Items listed in a dataset

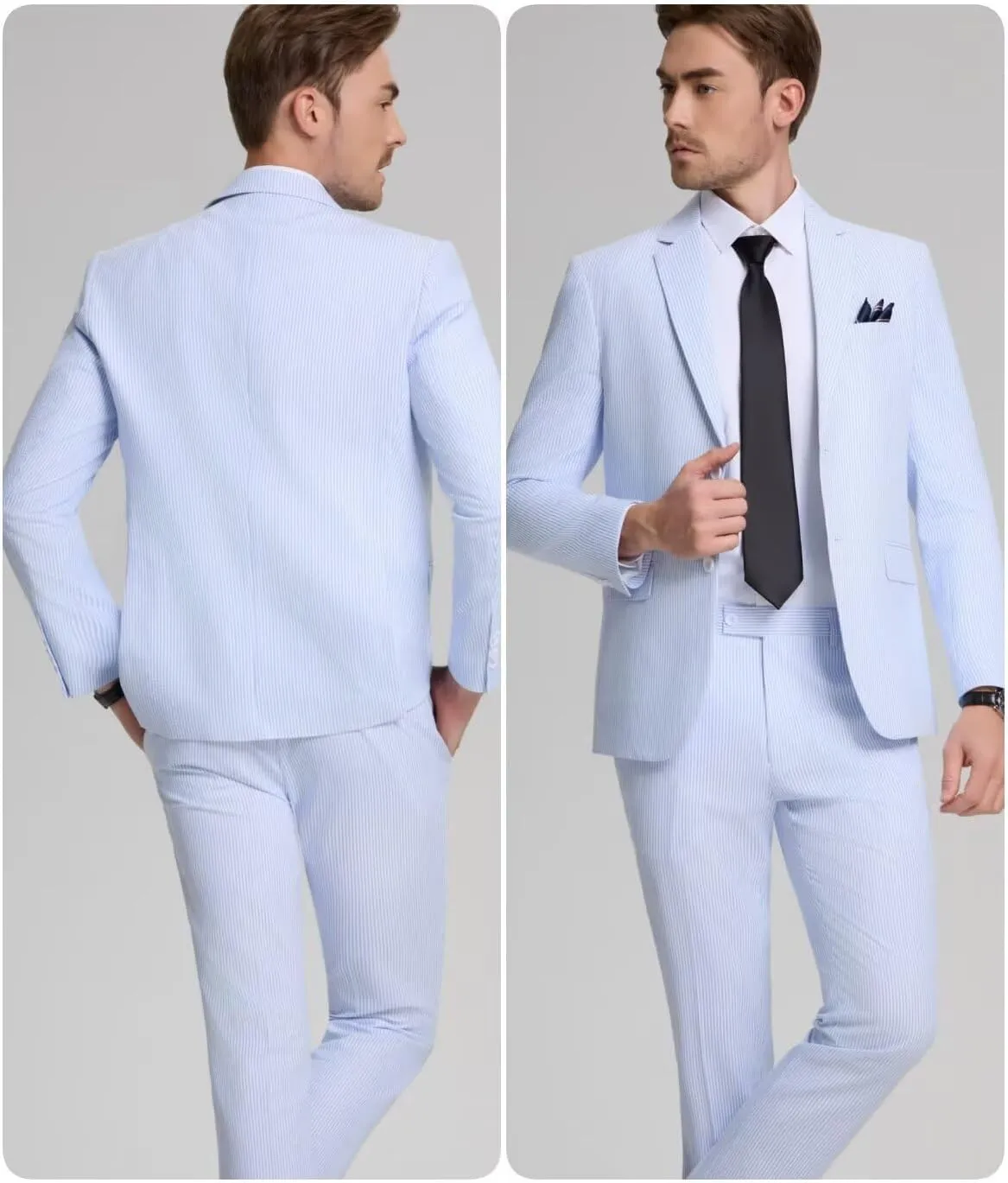 Mens 2 Piece Summer Seersucker Suits Grooms Slim Fit Casual Sear Sucker Suit for Party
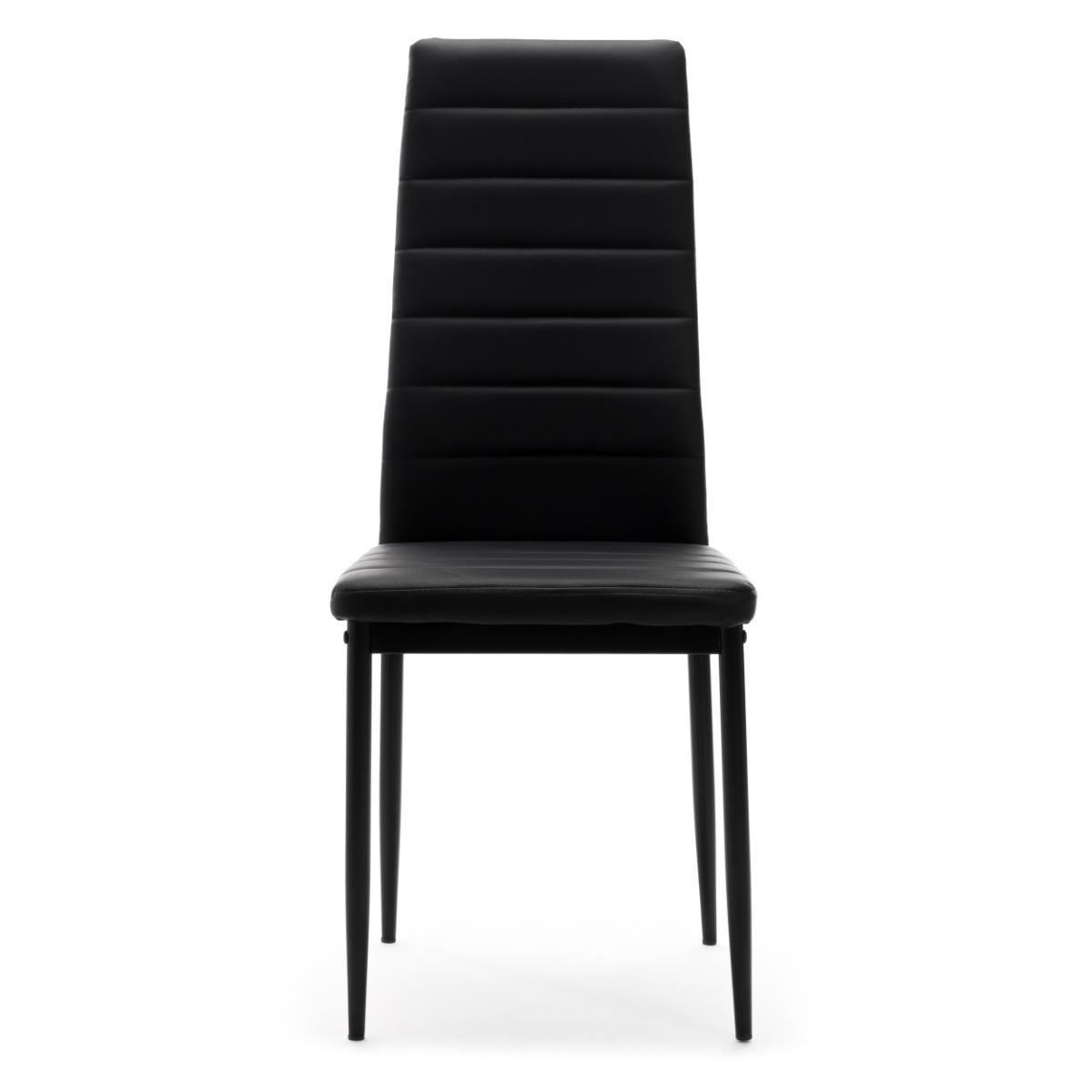 Zestaw 4 szt krzesło FADO czarne tapicerowane ekoskóra do jadalni 2 Full Screen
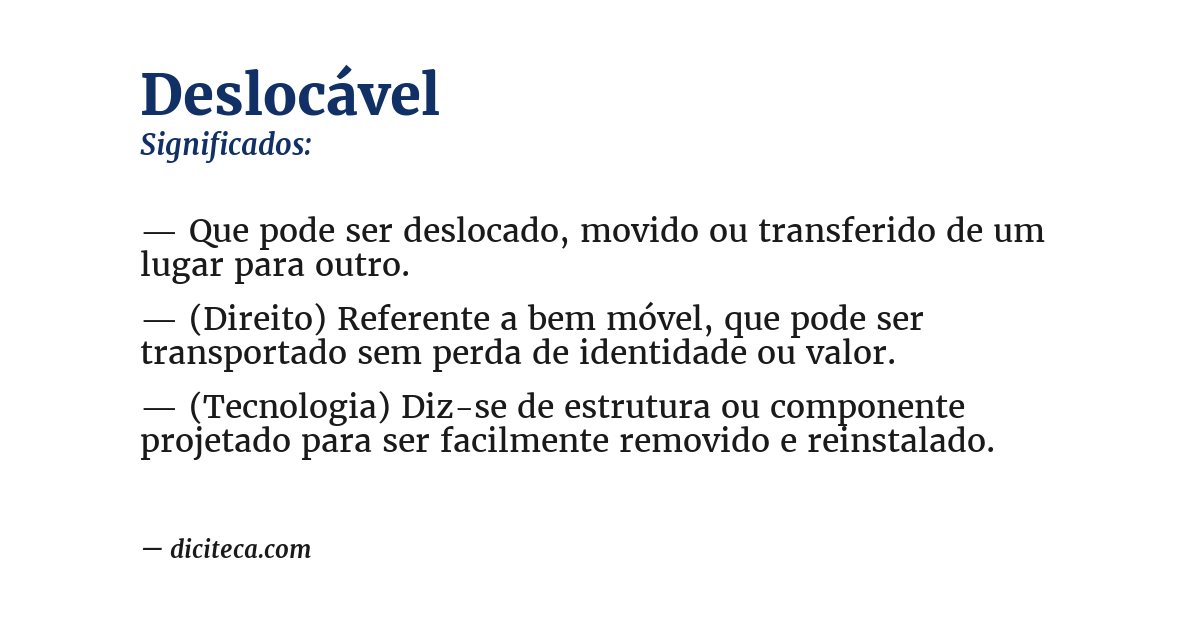 Significado de deslocável
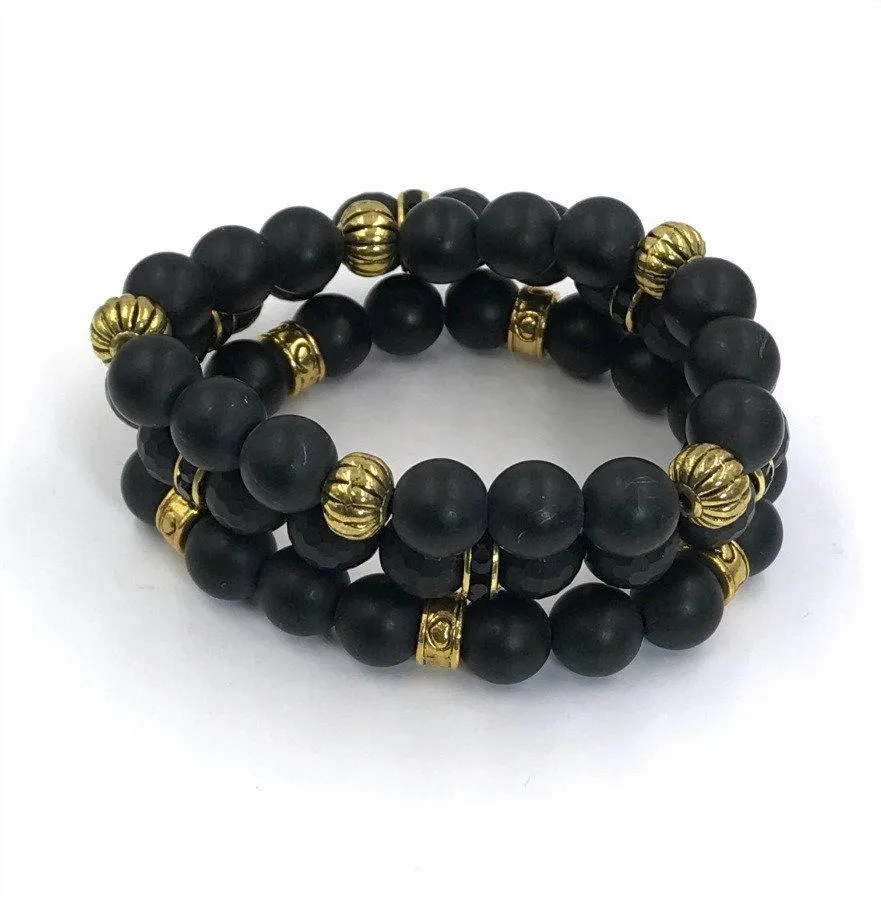 Black Beaded Stretch Stack Gold Layering Bracelets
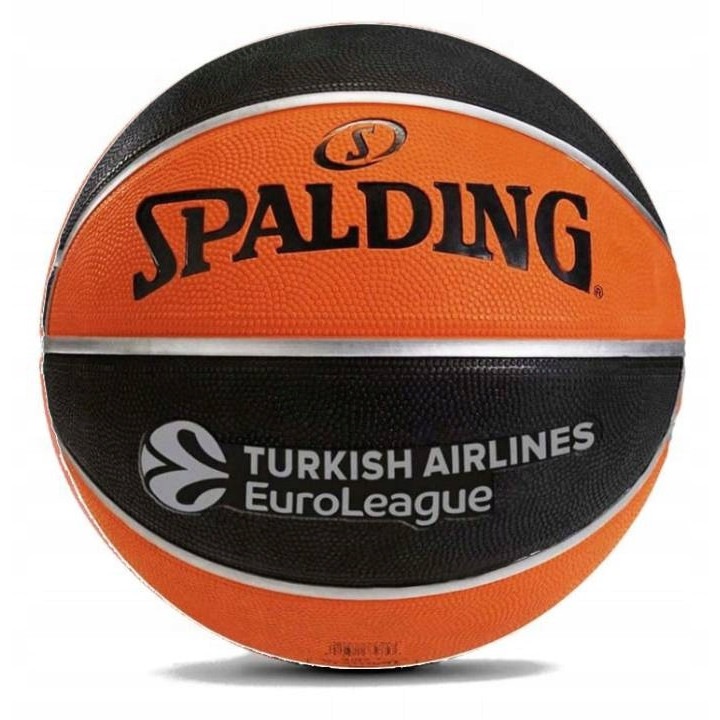 Minge de baschet Spalding TF-150 Varsity Euroleague, 27,5 inch, portocalie/neagra, set pentru antrenament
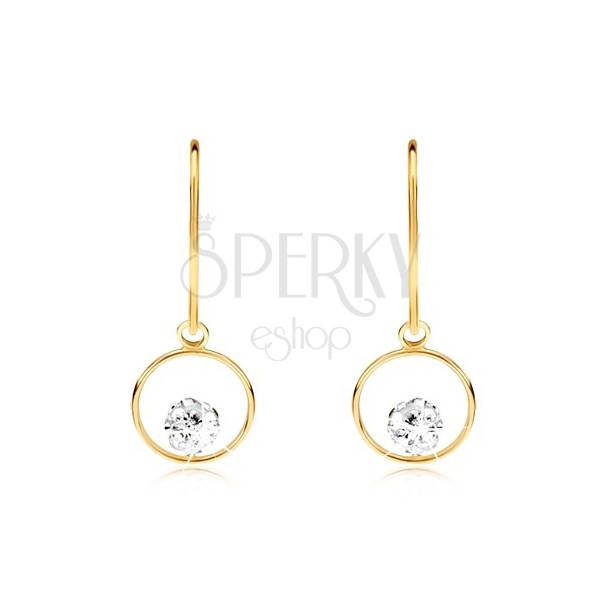 375 gold earrings - thin shiny hoop with zircon ball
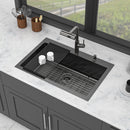 Drop-In Stainless Steel Kitchen Sink With Pull-Out Faucet And Soap Dispenser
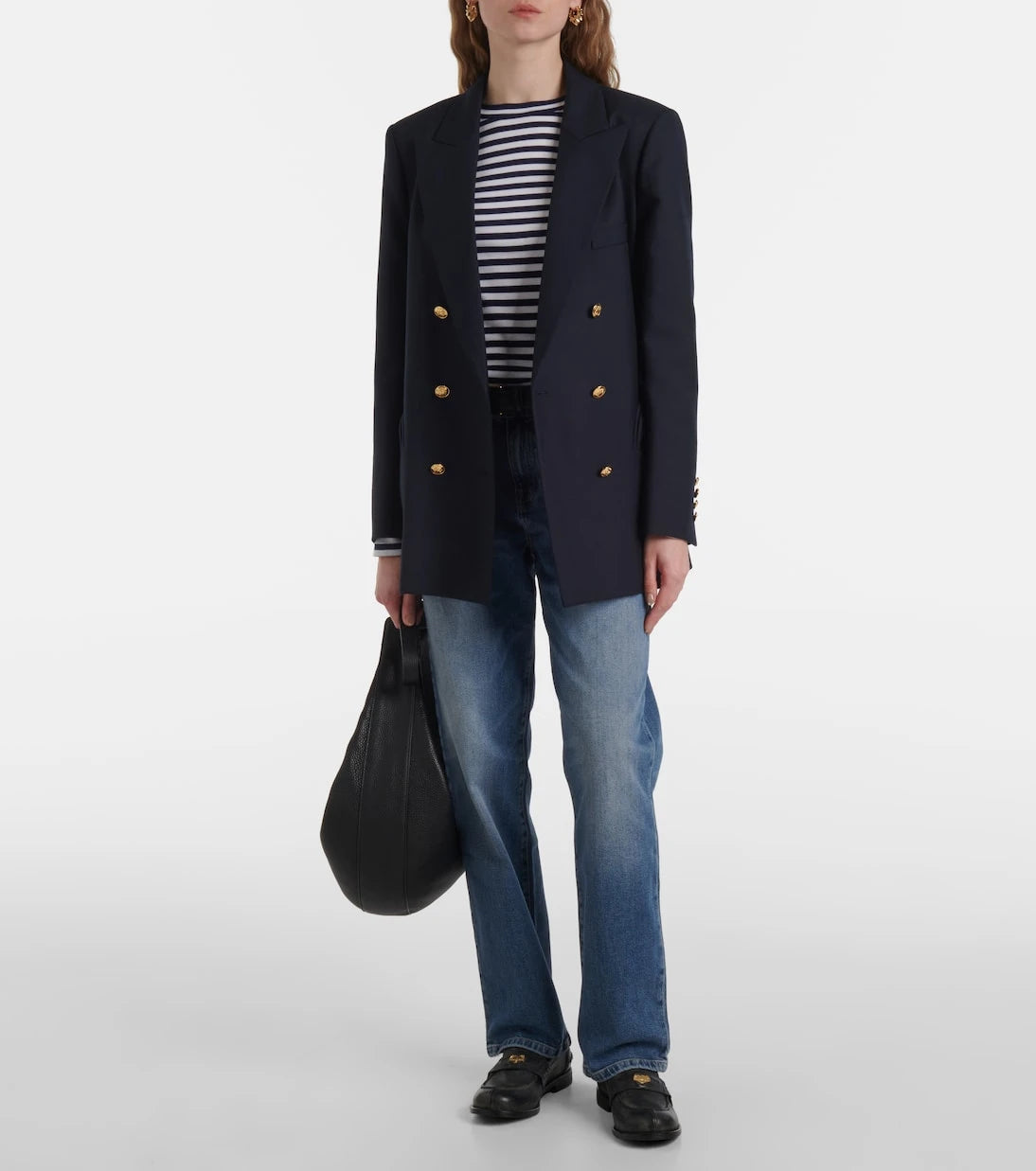 AG Jeans - بنطلون جينز بقصة مستقيمة وخصر مرتفع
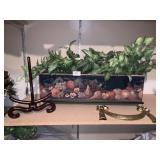 WOOD PLANTER 24" H X 8" W X 8" W WITH PLANT AND
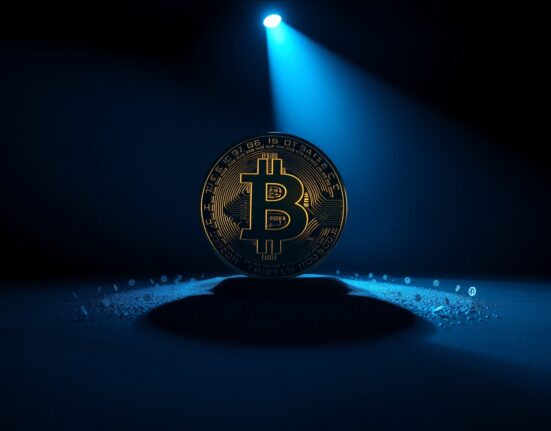 Bitcoin coin glowing in a dark room with small altcoin logos fading into dust, representing market consolidation.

-- Your task --
With pictures left out, transcribe each line from the one containing "AG Jeans - بنطلون" through the end of the data, both ends included.

-- Response area --
 AG Jeans - بنطلون جينز بقصة مستقيمة وخصر مرتفع
 WOOD PLANTER 24" H X 8" W X 8" W WITH PLANT AND
 Bitcoin coin glowing in a dark room with small altcoin logos fading into dust, representing market consolidation.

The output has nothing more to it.